# Task prompt
The material below holds the lines to copy: from the one with "Makita HR005GT202 40Vmax" up to and including the one with "ACSI Camping sprievodca". Copy them exactly and skip the pictures.

# Dataset content
++++++++++

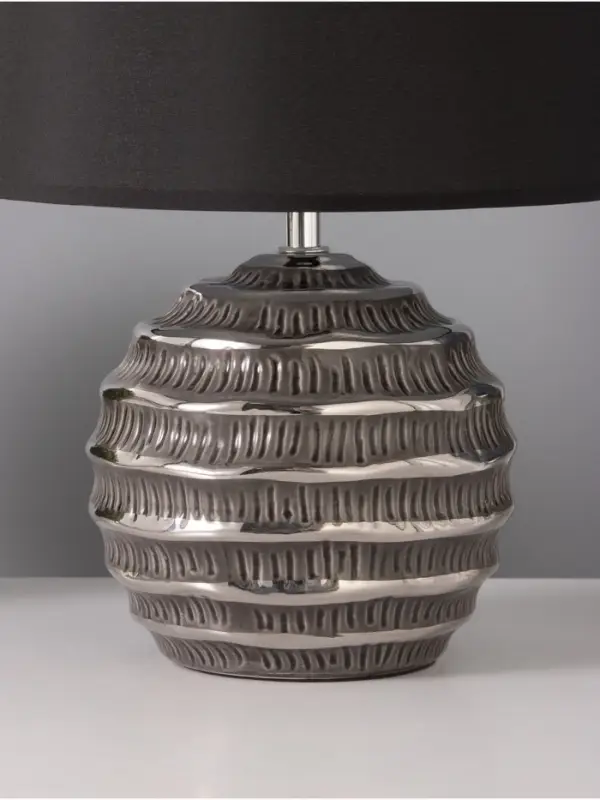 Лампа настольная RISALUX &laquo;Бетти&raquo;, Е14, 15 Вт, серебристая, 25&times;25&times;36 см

++++++++++

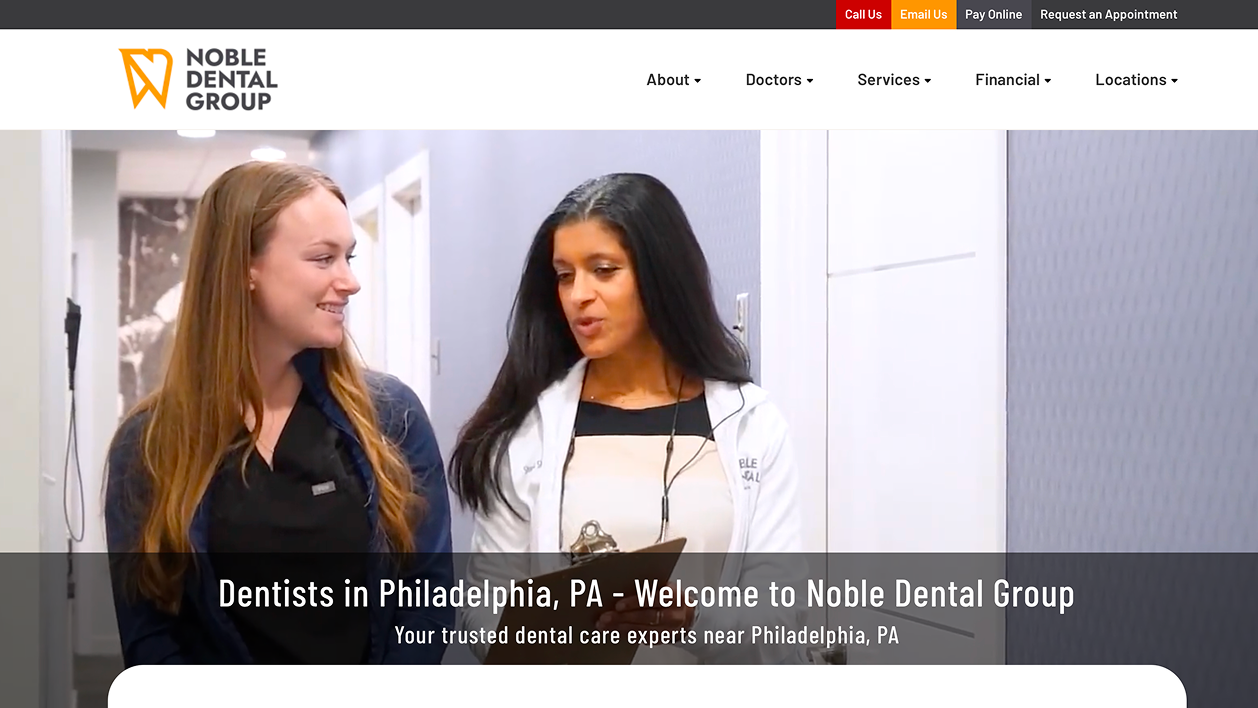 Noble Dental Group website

++++++++++

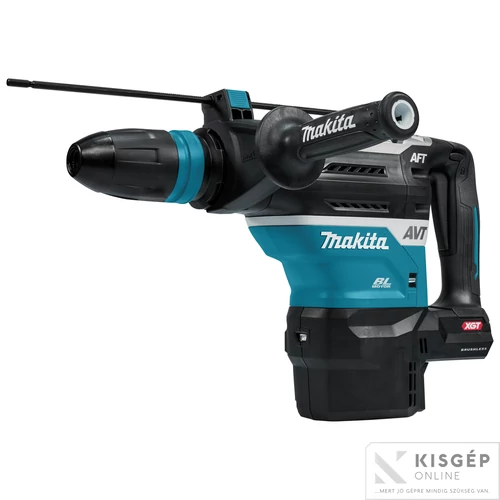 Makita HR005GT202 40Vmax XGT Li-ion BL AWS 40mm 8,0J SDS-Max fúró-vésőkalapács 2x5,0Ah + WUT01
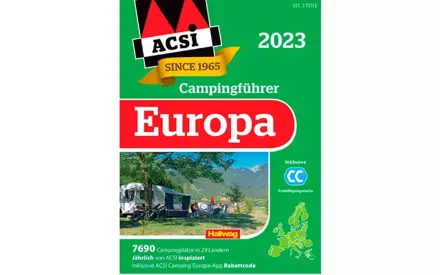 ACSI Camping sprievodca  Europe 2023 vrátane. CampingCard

++++++++++

# Task result
 Makita HR005GT202 40Vmax XGT Li-ion BL AWS 40mm 8,0J SDS-Max fúró-vésőkalapács 2x5,0Ah + WUT01
 ACSI Camping sprievodca  Europe 2023 vrátane. CampingCard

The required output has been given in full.